节点文献
数据流挖掘中聚类算法的研究与实现
The Research and Realization of Clustering Algorithm in Data Streams Mining
【作者】 张帆;
【导师】 冯秀兰;
【作者基本信息】 北京林业大学 , 计算机应用技术, 2012, 硕士
【摘要】 随着互联网技术和分布式计算技术的快速发展,一种新型的数据类型-数据流应用而生,它广泛出现在了互联网信息监控、银行证券分析、无线传感器网络、天气预报以及气象监测等领域。传统的数据挖掘技术只能应用于静态、少量的数据集合,不能很容易的扩展到适应快速、无限、持续变化的数据流应用中,因此,对于数据流理论的研究和应用成为数据流挖掘的一个重要研究方向,特别是针对数据流聚类算法的研究及网络入侵检测等问题。本文首先分析了国内外在数据流聚类算法的研究现状、静态数据挖掘算法的优缺点、数据流聚类算法的优缺点,为后文的算法奠定了基础。然后,通过对已有数据流聚类算法的深入研究,实现了一种基于密度的数据流聚类算法ρ—Stream。针对闵可夫斯基距离和余弦相似性度量的特点,引入了两个新的概念:频度和数据摘要信息,并且提出了一种度量多重属性数据相似性的方法。ρ—Stream采用树的结构和动态哈希表对结点和指针进行存储,解决了算法的时间和空间复杂度问题。针对数据流聚类参数设置问题,为了使得算法能够在一定大小的内存中完成,提出了一种密度阈值函数。针对离线层聚类算法运行效率问题,提出了一种基于内存抽样的方法来发现聚类。
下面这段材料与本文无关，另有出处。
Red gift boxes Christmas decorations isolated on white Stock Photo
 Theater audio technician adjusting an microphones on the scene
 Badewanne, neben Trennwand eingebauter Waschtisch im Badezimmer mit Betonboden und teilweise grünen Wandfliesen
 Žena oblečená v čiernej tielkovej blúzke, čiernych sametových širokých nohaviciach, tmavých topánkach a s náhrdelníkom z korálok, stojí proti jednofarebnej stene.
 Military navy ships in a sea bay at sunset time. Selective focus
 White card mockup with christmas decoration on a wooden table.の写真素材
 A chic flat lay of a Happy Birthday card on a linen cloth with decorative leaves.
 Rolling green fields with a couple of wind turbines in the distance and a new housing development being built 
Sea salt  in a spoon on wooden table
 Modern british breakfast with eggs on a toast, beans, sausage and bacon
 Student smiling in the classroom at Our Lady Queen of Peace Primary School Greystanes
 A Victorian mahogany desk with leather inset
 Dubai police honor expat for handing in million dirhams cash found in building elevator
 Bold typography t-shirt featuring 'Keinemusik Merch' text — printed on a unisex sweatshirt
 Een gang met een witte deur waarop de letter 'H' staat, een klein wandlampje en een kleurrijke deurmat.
最后,根据数据流自身的特性,设计了一个适合数据流聚类算法的网络入侵检测框架,并通过后台机器学习方式实时扩展异常数据字典。通过使用KDD CUP1999数据集进行实验,证实了本文算法的优越性,达到了预期效果。
【Abstract】 As the development of Internet and distribution computing,data stream a new kind of data type comes out, It is widely used in the field of Internet information monitoring, banks and securities analysis, unlimited sensor networks, weather forecasts and meteorological monitoring. Traditional data mining techniques can only be applied to static or a small number of data sets,but can not be easily extended to adapt to the fast, unlimited, continuous changes in the data stream applications.So,research and application of the theory of data stream becomes important, especially for data stream clustering algorithm and network intrusion detection.This article first analyzes the domestic and international research status in data stream clustering algorithm, both the advantages and disadvantages of static data mining algorithms and data stream clustering algorithm, and laid a foundation for later algorithm.Then, through in-depth study of existing data stream clustering algorithm, implementation a data stream clustering algorithm based on density p-Stream. According to Minkowski distance and the characteristics of the cosine similarity measure, introducing two new concepts:frequency and data summary information, also proposing a measure of the similarity methods of data multi-property. p-Stream using a tree structure and dynamic hash table for storing nodes and pointers to solve time and space complexity problem. In order to make the algorithm can be completed in a certain size of memory,propose a density threshold function for setting data stream clustering parameter. Off level clustering algorithm operating efficiency problem solved by a method based memory sampling to discover cluster.Finally, according to the characteristics of the data stream, design a clustering algorithm for data stream, network intrusion detection framework, and through the background of machine learning methods for real-time extension of abnormal data dictionary. Using KDD CUP1999dataset, confirmed the superiority of the proposed algorithm and achieve the desired results.
【Key words】 Data Stream Mining; Data Stream Clustering Algorithm; ρ-Stream Algorithm;